▶ [Requirement]
Which lines in the listing below contain the word "thumbnail"? Copy each one.

++++ Source data

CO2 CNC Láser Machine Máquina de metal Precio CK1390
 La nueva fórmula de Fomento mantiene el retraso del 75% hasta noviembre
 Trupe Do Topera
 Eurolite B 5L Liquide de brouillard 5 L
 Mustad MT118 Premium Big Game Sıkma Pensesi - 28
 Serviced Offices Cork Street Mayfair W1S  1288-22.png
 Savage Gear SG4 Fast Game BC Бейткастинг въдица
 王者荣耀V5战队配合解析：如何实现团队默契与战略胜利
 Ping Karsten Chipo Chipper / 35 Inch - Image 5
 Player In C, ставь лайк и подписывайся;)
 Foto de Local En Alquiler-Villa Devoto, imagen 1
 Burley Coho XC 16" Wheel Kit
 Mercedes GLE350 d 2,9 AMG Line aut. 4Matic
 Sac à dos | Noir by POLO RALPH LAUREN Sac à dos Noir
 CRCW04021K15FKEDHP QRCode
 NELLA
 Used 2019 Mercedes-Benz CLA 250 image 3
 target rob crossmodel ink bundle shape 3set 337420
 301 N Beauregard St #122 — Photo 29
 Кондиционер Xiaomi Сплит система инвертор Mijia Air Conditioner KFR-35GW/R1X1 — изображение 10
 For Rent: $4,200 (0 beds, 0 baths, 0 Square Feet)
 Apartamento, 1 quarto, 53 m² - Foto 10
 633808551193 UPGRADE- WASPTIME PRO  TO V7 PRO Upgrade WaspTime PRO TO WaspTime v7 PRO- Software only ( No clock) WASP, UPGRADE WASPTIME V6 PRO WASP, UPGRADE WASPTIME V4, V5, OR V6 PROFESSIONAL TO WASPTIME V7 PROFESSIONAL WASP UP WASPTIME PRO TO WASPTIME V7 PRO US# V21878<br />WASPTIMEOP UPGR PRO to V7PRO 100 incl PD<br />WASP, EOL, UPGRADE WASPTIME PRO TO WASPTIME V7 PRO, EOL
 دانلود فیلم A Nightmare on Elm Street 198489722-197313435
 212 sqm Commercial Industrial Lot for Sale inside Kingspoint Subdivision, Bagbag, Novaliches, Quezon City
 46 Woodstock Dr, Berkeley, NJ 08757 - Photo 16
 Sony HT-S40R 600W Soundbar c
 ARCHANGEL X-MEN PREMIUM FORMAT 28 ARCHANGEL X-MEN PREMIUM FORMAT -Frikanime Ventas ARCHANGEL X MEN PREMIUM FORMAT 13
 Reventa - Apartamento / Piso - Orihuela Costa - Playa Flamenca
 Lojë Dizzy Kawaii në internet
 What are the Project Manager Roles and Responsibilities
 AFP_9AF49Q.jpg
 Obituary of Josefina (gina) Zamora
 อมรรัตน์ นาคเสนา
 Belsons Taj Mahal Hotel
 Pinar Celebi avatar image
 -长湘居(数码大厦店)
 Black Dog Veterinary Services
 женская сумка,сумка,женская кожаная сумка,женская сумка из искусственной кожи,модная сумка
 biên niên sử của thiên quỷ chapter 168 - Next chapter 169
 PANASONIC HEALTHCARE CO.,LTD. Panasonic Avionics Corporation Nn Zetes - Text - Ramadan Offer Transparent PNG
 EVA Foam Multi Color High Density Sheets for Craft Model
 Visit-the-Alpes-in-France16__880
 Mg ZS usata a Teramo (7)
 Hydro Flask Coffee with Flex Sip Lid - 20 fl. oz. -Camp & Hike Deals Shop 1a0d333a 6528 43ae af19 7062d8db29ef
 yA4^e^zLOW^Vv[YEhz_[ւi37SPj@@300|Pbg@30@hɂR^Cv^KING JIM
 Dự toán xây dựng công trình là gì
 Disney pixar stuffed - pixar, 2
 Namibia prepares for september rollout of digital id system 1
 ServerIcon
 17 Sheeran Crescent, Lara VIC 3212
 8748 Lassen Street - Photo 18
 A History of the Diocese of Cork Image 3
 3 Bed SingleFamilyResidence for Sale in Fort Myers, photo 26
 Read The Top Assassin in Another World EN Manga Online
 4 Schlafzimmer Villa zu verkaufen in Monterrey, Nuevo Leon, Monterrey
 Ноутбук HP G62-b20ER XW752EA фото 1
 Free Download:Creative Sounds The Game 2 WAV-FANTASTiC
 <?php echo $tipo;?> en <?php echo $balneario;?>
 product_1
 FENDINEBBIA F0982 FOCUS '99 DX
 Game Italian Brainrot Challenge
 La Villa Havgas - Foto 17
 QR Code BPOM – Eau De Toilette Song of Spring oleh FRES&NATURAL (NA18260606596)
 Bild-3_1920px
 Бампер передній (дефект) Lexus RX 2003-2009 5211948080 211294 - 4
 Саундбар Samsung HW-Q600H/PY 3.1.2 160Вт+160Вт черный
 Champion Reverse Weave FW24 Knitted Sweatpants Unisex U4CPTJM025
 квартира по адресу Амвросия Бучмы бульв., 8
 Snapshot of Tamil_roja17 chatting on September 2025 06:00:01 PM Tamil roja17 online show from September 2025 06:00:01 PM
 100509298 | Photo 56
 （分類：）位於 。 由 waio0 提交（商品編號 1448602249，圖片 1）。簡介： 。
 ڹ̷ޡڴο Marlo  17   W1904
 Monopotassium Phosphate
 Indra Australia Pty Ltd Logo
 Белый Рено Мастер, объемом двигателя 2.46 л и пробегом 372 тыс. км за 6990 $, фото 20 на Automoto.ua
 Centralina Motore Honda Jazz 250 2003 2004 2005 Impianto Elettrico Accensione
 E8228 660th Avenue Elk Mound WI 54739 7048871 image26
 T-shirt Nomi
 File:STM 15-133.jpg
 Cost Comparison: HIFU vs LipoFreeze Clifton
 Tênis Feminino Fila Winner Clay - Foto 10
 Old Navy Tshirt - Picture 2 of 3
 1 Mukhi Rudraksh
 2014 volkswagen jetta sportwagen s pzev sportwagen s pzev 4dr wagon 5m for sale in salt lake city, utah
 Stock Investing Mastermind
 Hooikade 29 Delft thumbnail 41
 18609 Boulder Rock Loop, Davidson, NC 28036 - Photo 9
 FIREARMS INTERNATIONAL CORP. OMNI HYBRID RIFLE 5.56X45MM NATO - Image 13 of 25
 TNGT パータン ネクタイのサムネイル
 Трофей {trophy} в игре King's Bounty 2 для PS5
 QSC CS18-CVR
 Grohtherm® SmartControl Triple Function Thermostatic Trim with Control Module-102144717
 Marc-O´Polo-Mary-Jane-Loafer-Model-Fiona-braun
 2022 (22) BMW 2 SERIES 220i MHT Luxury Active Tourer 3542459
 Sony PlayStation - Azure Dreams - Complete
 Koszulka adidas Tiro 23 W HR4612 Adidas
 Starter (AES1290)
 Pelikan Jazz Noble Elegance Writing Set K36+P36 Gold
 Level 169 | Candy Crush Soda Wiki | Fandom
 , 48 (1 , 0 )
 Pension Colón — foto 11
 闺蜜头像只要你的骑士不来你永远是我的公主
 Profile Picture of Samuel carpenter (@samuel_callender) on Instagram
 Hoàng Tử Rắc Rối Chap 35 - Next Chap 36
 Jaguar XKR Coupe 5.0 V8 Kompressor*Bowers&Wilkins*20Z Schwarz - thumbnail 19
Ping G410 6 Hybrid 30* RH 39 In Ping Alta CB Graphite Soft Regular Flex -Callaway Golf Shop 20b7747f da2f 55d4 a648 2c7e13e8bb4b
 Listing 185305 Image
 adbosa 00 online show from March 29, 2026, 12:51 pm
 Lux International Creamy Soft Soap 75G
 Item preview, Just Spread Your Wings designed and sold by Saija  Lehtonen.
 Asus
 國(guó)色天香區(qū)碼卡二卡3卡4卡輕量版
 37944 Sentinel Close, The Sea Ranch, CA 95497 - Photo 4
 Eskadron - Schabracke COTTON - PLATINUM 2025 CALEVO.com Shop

++++++++

▶ [Exercise solution]
 Hooikade 29 Delft thumbnail 41
 Jaguar XKR Coupe 5.0 V8 Kompressor*Bowers&Wilkins*20Z Schwarz - thumbnail 19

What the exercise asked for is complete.